- [Description of the task]: Take from the material every line containing the string "Night" and copy it.

——

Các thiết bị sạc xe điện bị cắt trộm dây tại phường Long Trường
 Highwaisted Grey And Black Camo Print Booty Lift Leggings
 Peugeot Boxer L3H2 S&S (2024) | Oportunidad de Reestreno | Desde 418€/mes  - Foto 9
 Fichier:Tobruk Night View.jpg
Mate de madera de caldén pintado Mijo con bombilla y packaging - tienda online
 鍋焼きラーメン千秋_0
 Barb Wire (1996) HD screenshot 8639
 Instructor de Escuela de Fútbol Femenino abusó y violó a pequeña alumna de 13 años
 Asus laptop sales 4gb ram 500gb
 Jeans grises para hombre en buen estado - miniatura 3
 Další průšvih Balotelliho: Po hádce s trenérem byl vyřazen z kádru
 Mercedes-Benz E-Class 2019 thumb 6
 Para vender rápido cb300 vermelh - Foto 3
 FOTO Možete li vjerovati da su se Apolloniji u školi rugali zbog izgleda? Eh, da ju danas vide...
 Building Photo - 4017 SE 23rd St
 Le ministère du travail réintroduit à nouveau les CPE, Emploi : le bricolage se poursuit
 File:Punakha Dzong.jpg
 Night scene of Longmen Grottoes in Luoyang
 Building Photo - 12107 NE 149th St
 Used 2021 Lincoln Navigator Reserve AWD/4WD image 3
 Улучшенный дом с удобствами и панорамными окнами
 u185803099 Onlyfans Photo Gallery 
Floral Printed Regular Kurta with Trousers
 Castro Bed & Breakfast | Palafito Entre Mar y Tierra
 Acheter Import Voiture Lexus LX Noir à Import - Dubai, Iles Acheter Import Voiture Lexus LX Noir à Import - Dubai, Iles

——

- [Result for this task]:
 Fichier:Tobruk Night View.jpg
 Night scene of Longmen Grottoes in Luoyang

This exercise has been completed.